------ INFORMATION SUPPLIED ------

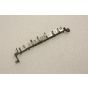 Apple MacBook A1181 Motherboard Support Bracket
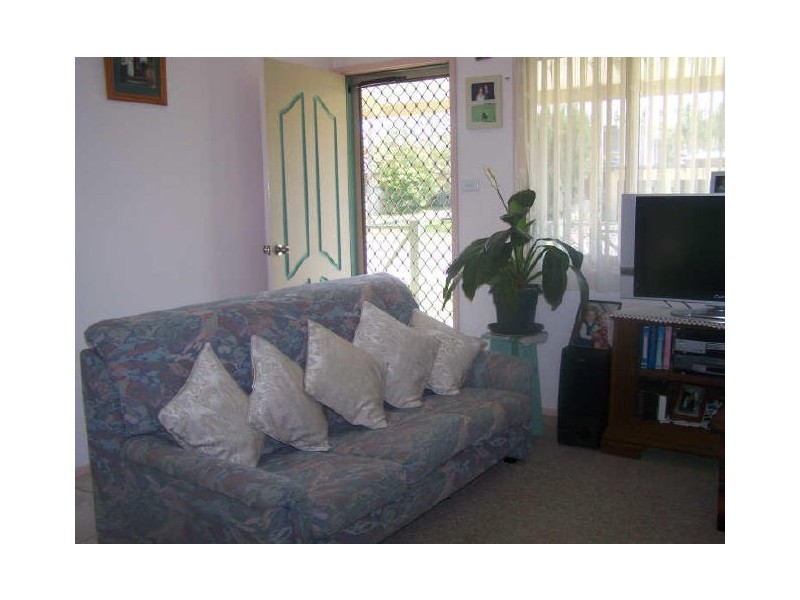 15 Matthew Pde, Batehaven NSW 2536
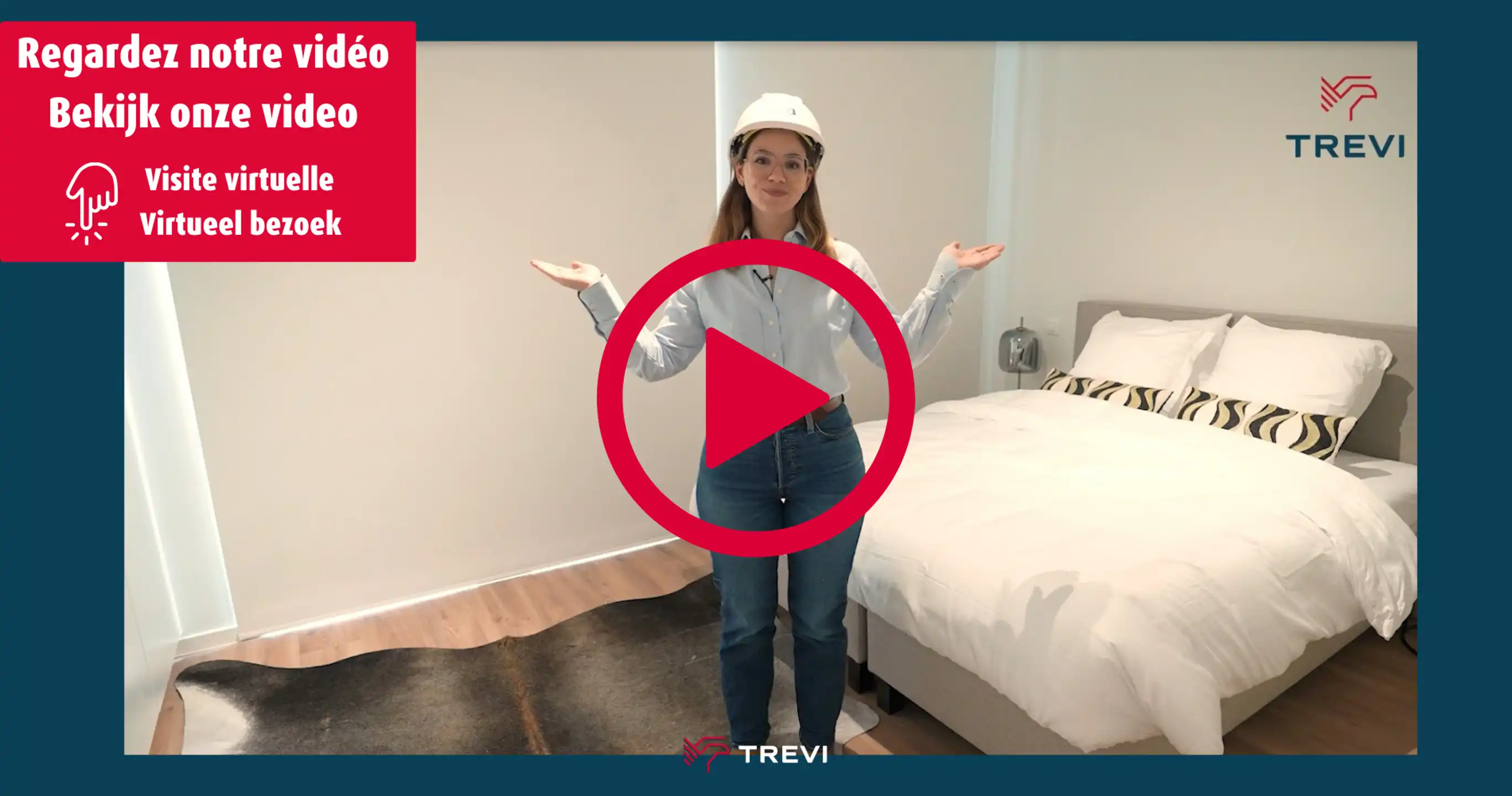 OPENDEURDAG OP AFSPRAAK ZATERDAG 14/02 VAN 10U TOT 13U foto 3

------

**ACTIVITY:** Copy the material above exactly and drop the pictures.

**TASK OUTPUT:**
 Apple MacBook A1181 Motherboard Support Bracket
 15 Matthew Pde, Batehaven NSW 2536
 OPENDEURDAG OP AFSPRAAK ZATERDAG 14/02 VAN 10U TOT 13U foto 3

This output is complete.